Date: 2024-06-09
The source code for this lab exercise is available on GitHub.
In our previous article Running stateful workloads on Kubernetes with Rook Ceph, we saw how Kubernetes CSI enables us to take volume snapshots on supported storage backends as a first step towards protecting our data on Kubernetes. However, snapshots operate at the infrastructure level so they do not understand how applications operate, manage and structure their data. This implies that snapshots, by nature, are crash-consistent but not application-consistent. For busy stateful workloads such as databases processing many transactions per second, crash-consistency is insufficient for data protection since in-progress transactions are not recorded so restoring from a snapshot may still lead to data loss and leave the application in an inconsistent state.
Kanister provides a robust and flexible solution for defining your own actions for performing application-aware backups on Kubernetes. It is a CNCF sandbox project originally created by the Veeam Kasten team as an integral component of their enterprise-ready Kubernetes data protection platform. It does this by defining blueprints, which serve as templates for application-specific backup and restore logic. The backup administrator or application owner may then instantiate actions defined in these blueprints by creating ActionSets which perform the actual application-specific backup and recovery procedures.

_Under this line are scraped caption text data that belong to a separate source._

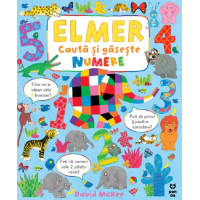 Elmer caută și găsește numere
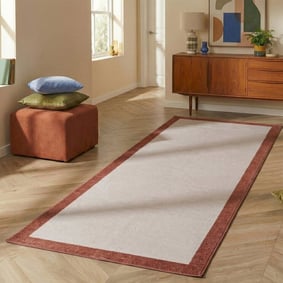 Loper - Mambo Border Terracotta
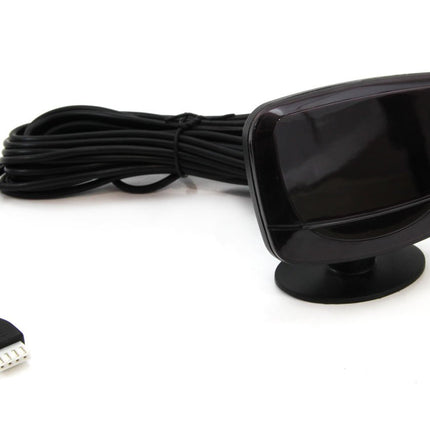 AMiO AMiO Parkeerhulpsysteem LED - GRAF 4 sensor zwart AMiO 4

This lab exercise demonstrates how to back up and restore WordPress on Kubernetes with Kanister in a reliable manner, by creating a logical database backup (database dump) and exporting it to S3 which can be imported during the restore phase to return WordPress to a known good state. The backup procedure consists of the following steps:
The restore procedure is also similar:
This lab has been tested with Kubernetes v1.30 (Uwubernetes).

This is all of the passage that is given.